1. You might want to override the default stat. This would allow us to use `geom_bar` to plot our pre-summarised drug data: 
```{r geom_col with stats, fig.align = 'center', fig.height = 3, fig.width=4}
ggplot(drugs) +
  geom_bar(aes(drug, effect), stat = "identity")
```  

2. You might want to override the default mapping from transformed variables to aesthetics. For example, you might want to display a bar chart of proportion, rather than count:

```{r override stats, fig.align='center', fig.height=3, fig.width=4}
ggplot(data = diamonds) + 
  geom_bar(mapping = aes(x = cut, y = stat(prop), group = 1))
```  
  
To find the variables computed by the stat, look for the help section titled "computed variables".  
  
  
3. You might want to draw greater attention to the statistical transformation in your code. For example, you might use `stat_summary()`, which summarises the y values for each unique x value, to draw attention to the summary that you're computing:
```{r summary stats, fig.align='center', fig.height=4}
ggplot(data = diamonds) + 
  stat_summary(mapping = aes(x = cut, y = depth),
               fun.min = min,
               fun.max = max,
               fun = median)
```  
  
  
## Time series with lines  
  
  
Line and path plots are typically used for time series data.

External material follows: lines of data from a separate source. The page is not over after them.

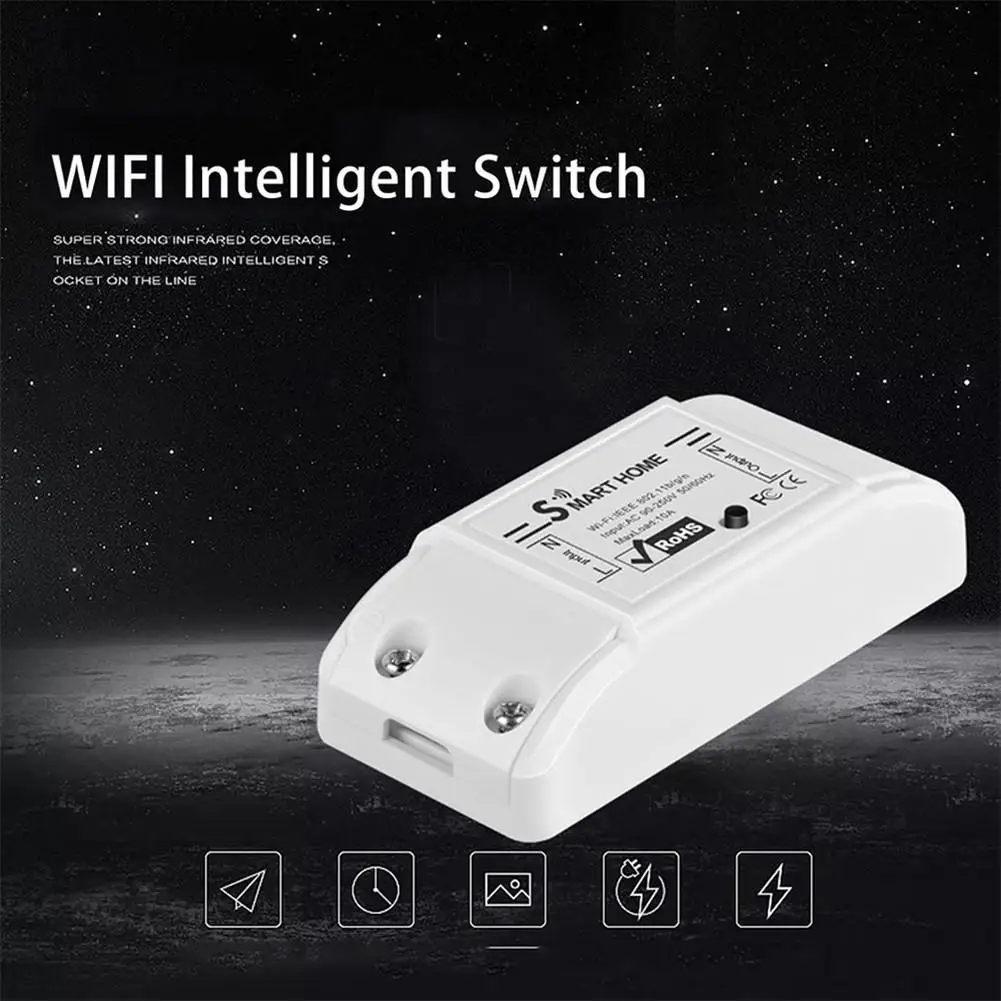 Wi Fi Умный выключатель света Универсальный таймер выключателя Smart Life приложение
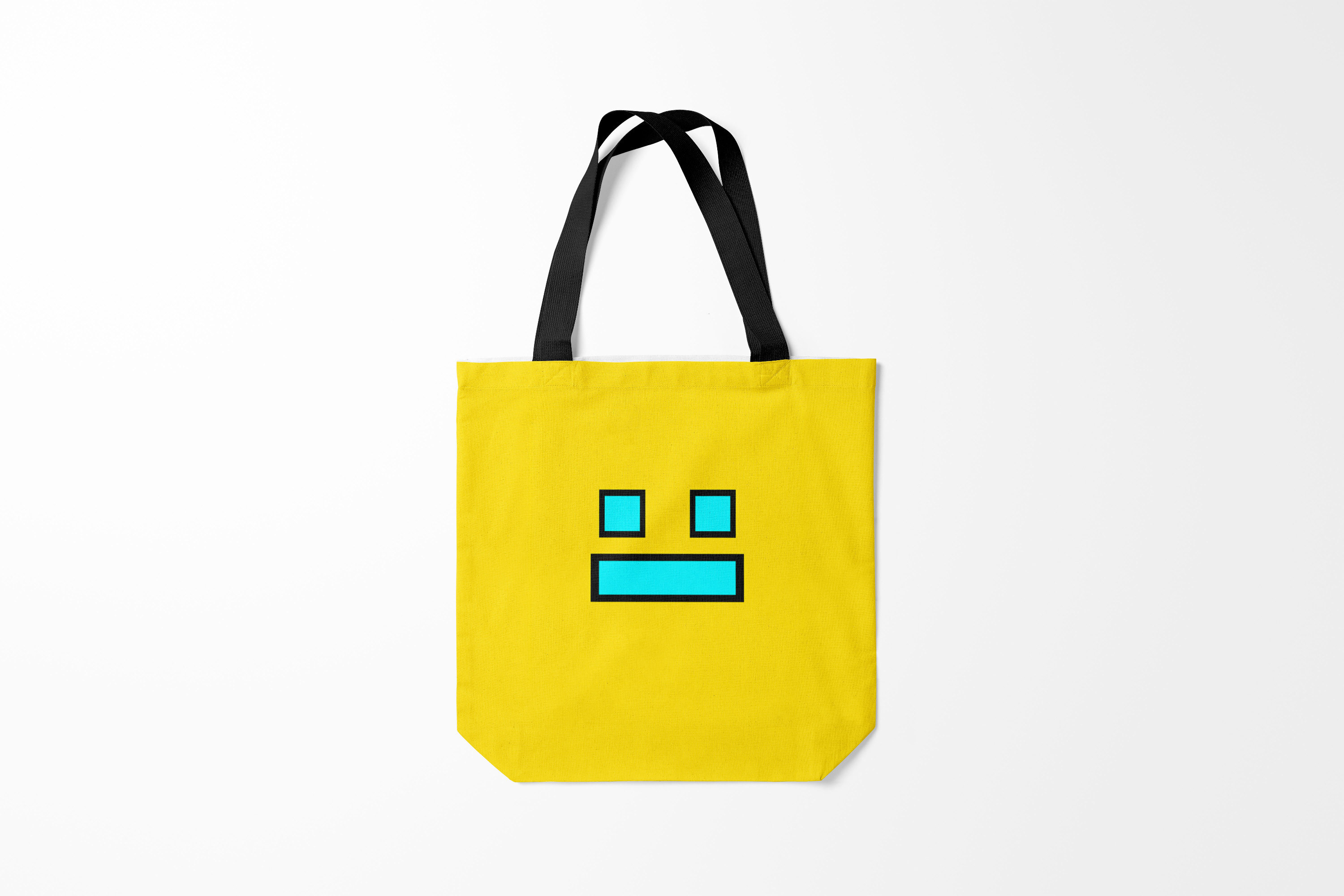 

Сумка шoппер унисекс Burnettie Geometry Dash Smile, разноцветный, Geometry Dash Smile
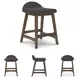 Lyncott Charcoal Counter Height Stool Set of 2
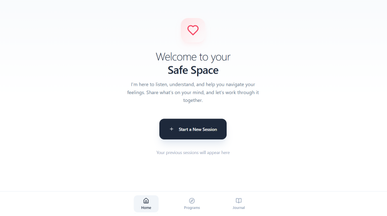 Serenity AI Therapist template preview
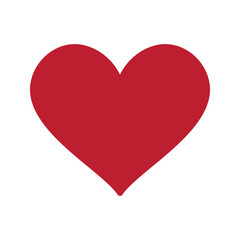 Heart, love, romance or valentine's day red vector icon for apps and websites
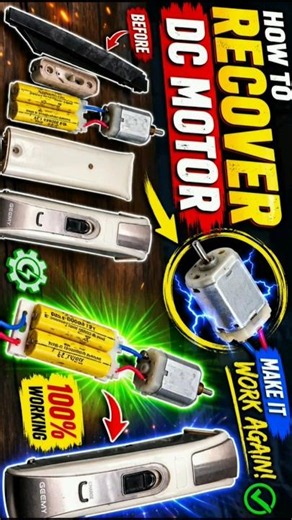 how to recover dc motor from trimmer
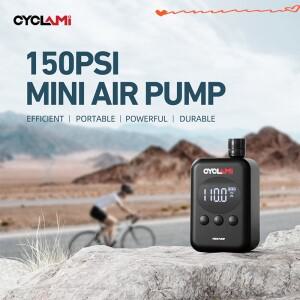 CYCLAMI 150 Psi 고압 공기 주입기 자전거 팽창 펌프 미니 휴대용 디지털 게이지 디스플레이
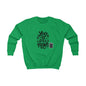 Kids Sweatshirt - "Love Has Four Paws" Cute Puppy Graphic Pullover for Dog Lovers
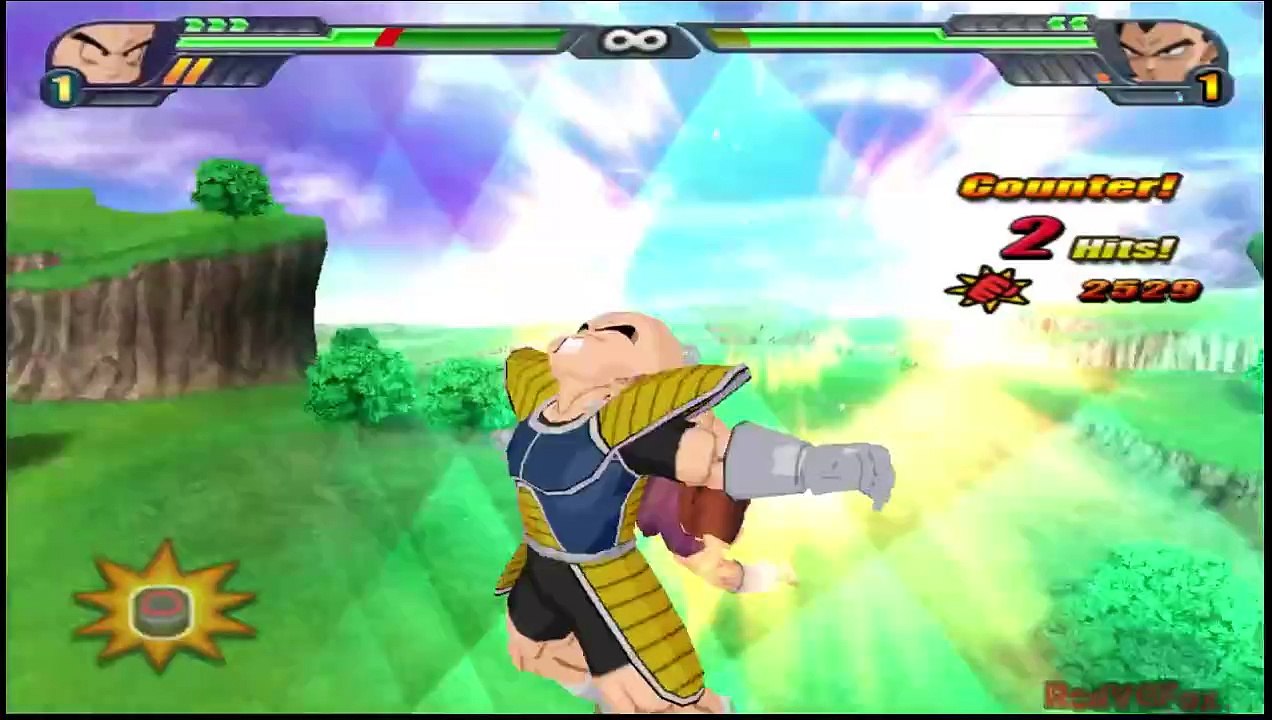 Dragon Ball Z; Budokai Tenkaichi 3 - Krillin VS Vegeta [PCSX2]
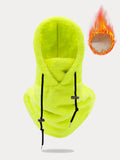 Thermal Fleece Hooded Ski Mask Face Cover Scarf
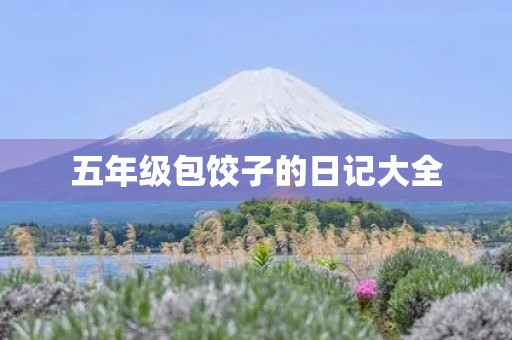 五年级包饺子的日记大全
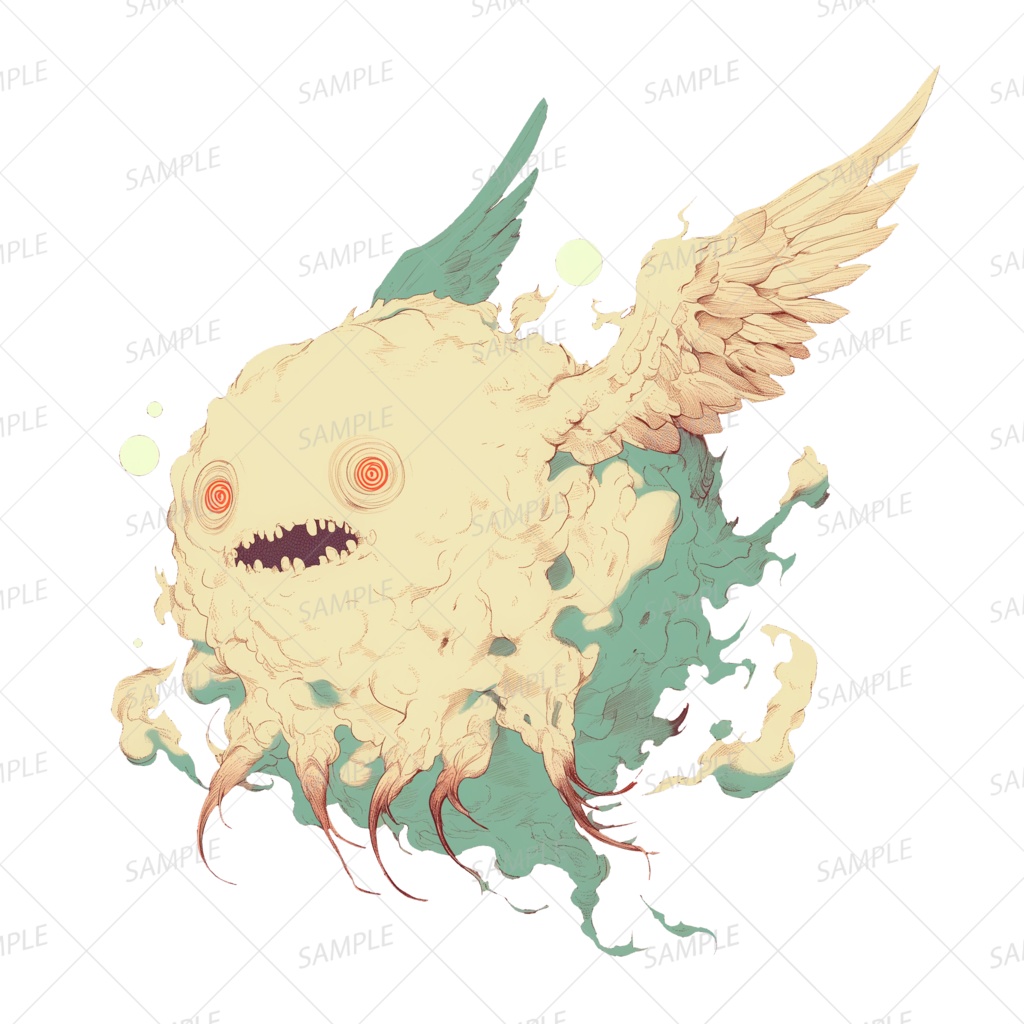 【神話生物】天空を駆ける螺旋の怪物_透過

Line plots join the points from left to right, while path plots join them in the order that they appear in the dataset (in other words, a line plot is a path plot of the data sorted by x value). Line plots usually have time on the x-axis, showing how a single variable has changed over time. Path plots show how two variables have simultaneously changed over time, with time encoded in the way that observations are connected.

Because the year variable in the mpg dataset only has two values, we'll show some time series plots using the economics dataset, which contains economic data on the US measured over the last 40 years.

```{r line plot, fig.height=4, fig.align='center'}
ggplot(economics, aes(x = date, y = uempmed)) + 
  geom_line() 
```   
  
  
We end the first part of our ggplot2 webinar here and continue with part 2 next week. So far, we've learned how to **call a ggplot** with `ggplot()` and add various **geoms** to it. We've learned how to map data to **aesthetics** to answer a few basic questions. An alternative approach to mapping aesthetics was **facetting**. We looked a bit under the hood of ggplot when we examined the **statistics** of each geom. Equipped with these tools, we can now produce a lot of different and complex plots.  
In the next part, we will try to make these plots visually pleasing. You will learn to modify the look of a ggplot so that it fits your needs. In the end, you will be able to produce publication ready plots within R. Additionally, we will learn how to safe those plots.